In the English language, poets generally considered to be of the most influential and profound include Chaucer, William Shakespeare, John Milton, Wordsworth, John Keats, W. B. Yeats, T. S. Eliot and Ezra Pound. American poet Walt Whitman was one of the first poets to write a kind of poetry now called free verse, though French poet Jules Laforgue was also writing in free verse around the same time as Whitman. Free verse differed from traditional verse because it was not bound by rhyme or meter. In the Western tradition, Homer, Virgil, Dante, Fernando Pessoa and Goethe round out a basic list. In Chinese, Li Bai, Du Fu and other Tang dynasty poets produced some of the oldest poetry in the world, which is still read today. Basho and Omar Khayyám complete one defensible canon. As the very definition of a canon is political and personal, and the notion of poetry itself is fluid and subject to change, complete objectivity is impossible. Relying on numerous inclusionist lists is a possible, partial solution.

[edit] Poets and society

Perhaps no other occupation demands so much thought for so little output. In the Japanese haiku tradition involves production of seventeen syllable poems. Even in other traditions including thousand-line poems, a poet's total lifetime output might fill only two or three volumes. For this reason, poets occupy a peculiar position in society, even when compared to other artists, tending to reside on the fringes of their culture. Even poets who have achieved prominence within their tradition can remain completely unknown in the world at large.
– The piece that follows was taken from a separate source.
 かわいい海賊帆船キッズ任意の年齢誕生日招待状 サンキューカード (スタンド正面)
In the past, bards of remarkable skill might be maintained by a lord or by royalty as part of the artistic coterie at court. Away from the refinement of court, wandering troubadours would have brought their romantic, bawdy chansons from town to town, supporting themselves by passing the hat.
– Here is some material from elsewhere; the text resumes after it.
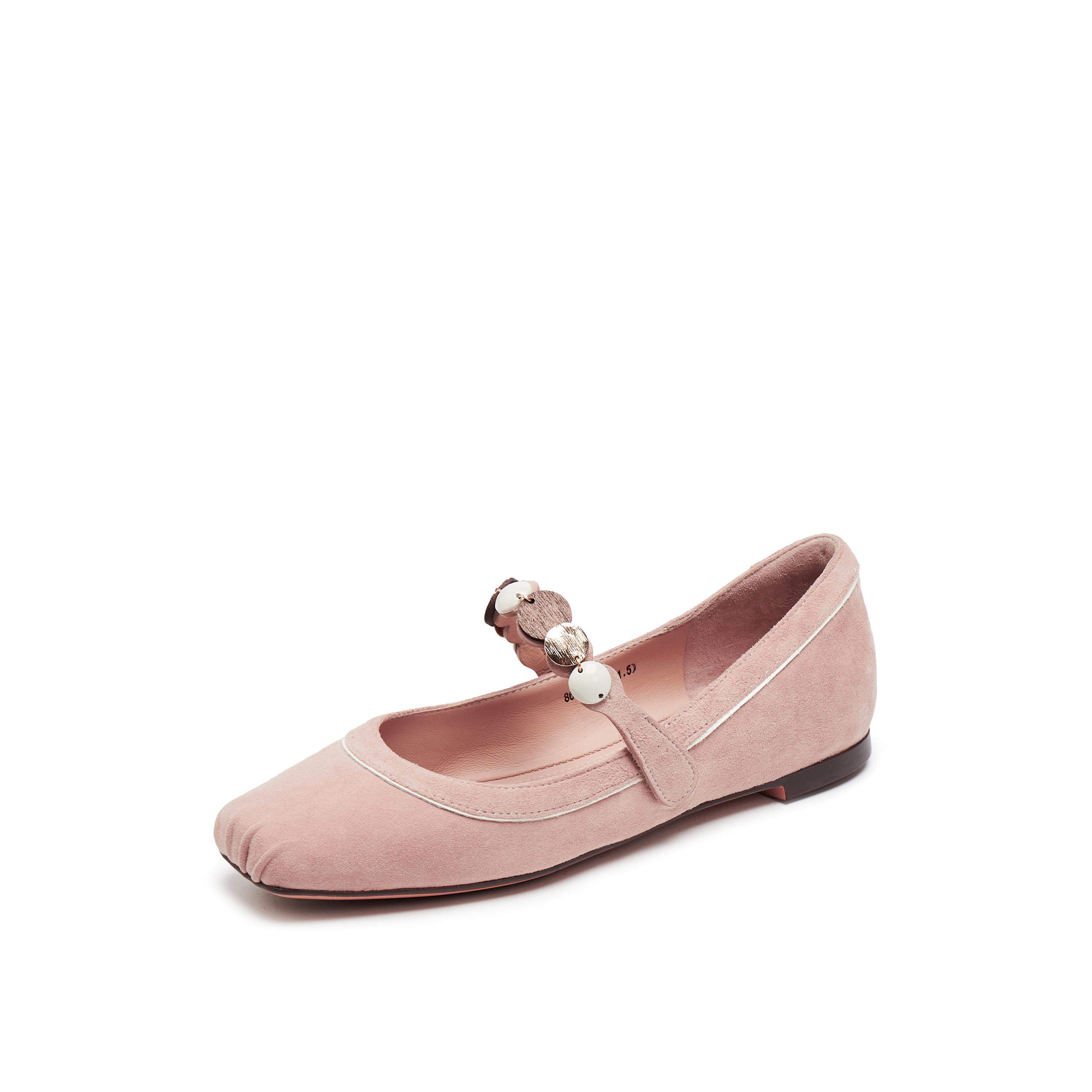 真美诗2025年秋季新款时髦别趣一字带羊绒玛丽珍鞋女86627CQ5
In the east, poets were similarly maintained by royal patronage, and those of high birth were expected to develop this skill alongside many others. Within the tradition of Japanese chivalry, bushido, Japanese knights, known as samurai, were expected to become poets only once: right before death. Thus, the tradition of love poems does not exist in Japan, but the quantity and quality of death poems is renowned.